The Gujarati food festival at Ramana's is a treat to both your tongue and your tummy

OONDHIYA, PAATRAAS and theplas that surface on your plate taste much like what emerges from your mum's kitchen — soberly spiced so that it doesn't hurt your tummy, wholesome, simple, filling, and fortified with love!
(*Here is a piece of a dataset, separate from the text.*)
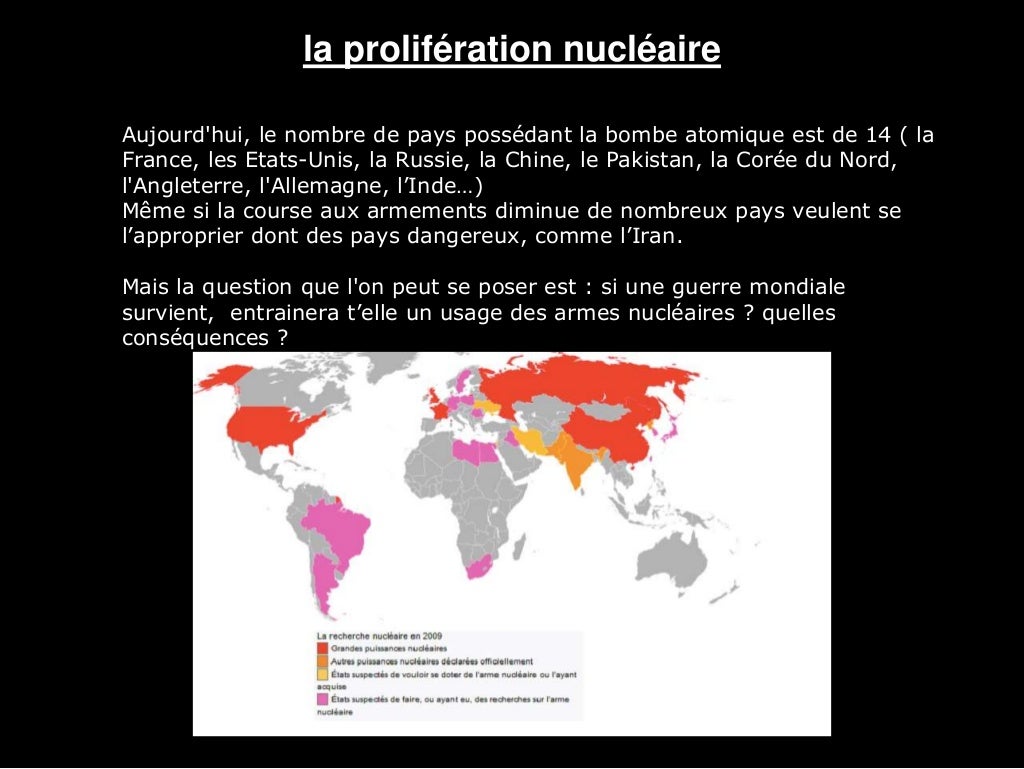 Projet Manhattan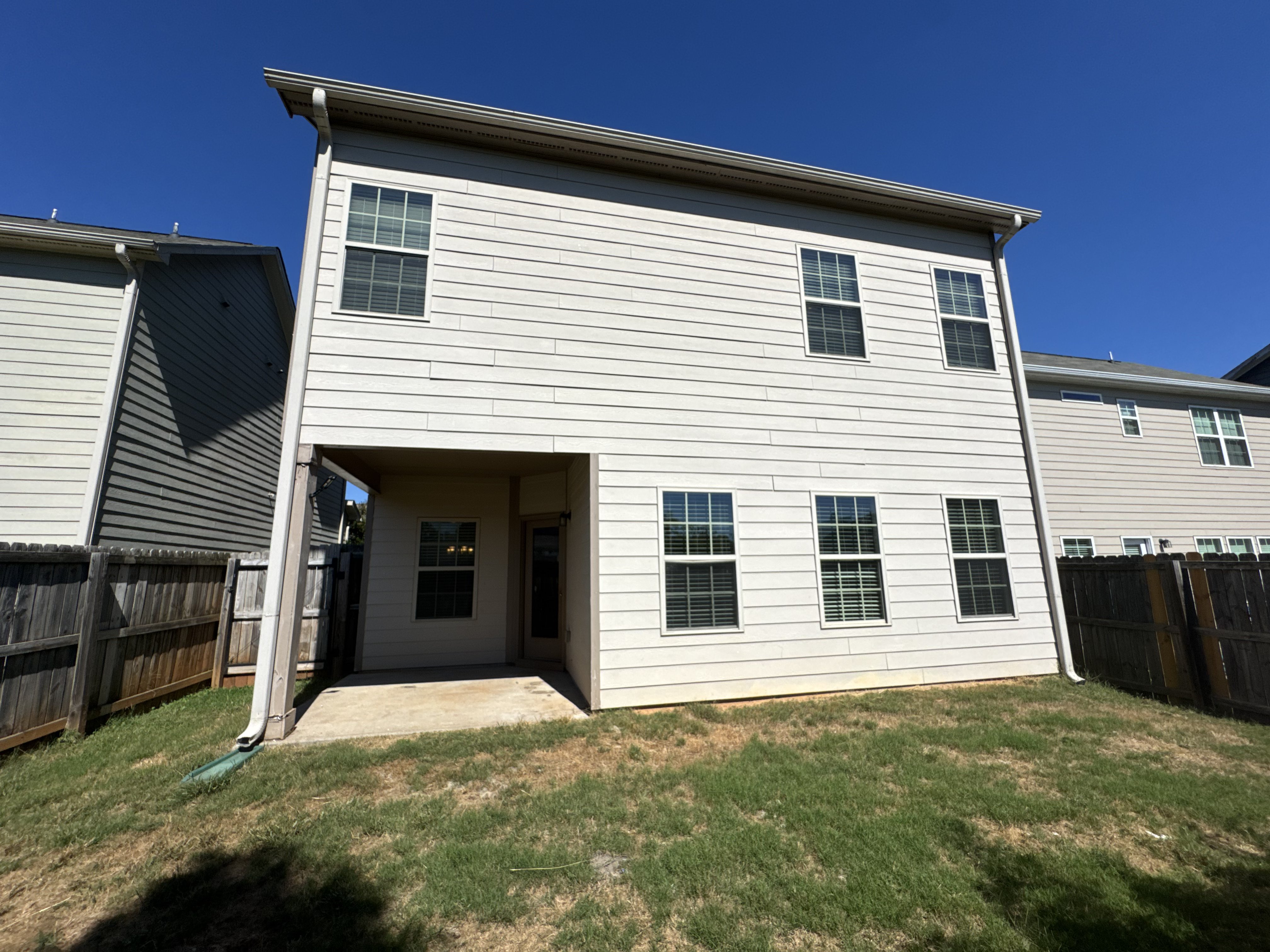 Photo 5 of 46 of 35 Samuel Way NW, Cartersville, GA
Rasoi Kathiawadi hopes to siphon off food from the kitchens of Gujarat to the table at Ramana's, so that the ever-sweet taste of authentic Gujju food lingers on your taste buds much after you've rapped up your meal.

Small menu

The 13-day food festival at the restaurant, which celebrates vegetarianism all year through, seems to have got it all right — a simple menu consisting of around 10 dishes including the dessert, a la carte. The food looks deceptively light and comes in small portions. But it's definitely filling and makes a perfect meal between work because most of the dishes are baked and oil-free. "We decided to have a small menu because most food festivals offer so much choice that you don't enjoy even one dish in the process of trying out a bit of everything. Gujarati food appeals to vegetarians and we chose the name Kathiawadi because the region has the most authentic foods," says restauraunteur Neeta Lohia, who along with her husband Sanjay Lohia dedicated this restaurant to Ramana Maharshi.

The maharshi's pictures dot the ochre walls of the restaurant and share space with murals of Madhya Pradesh's Worli tribals. The separating panels have little imaginative glass sections filled with spices such as cinnamon, cardamom, cloves and more. Colourful cloth toranas and streamers with tinkling bells, typical of Gujarat, add to the festive look. Waiters in colourful kurtas and cummerbundhs serve the dishes out of little handis and clay platters.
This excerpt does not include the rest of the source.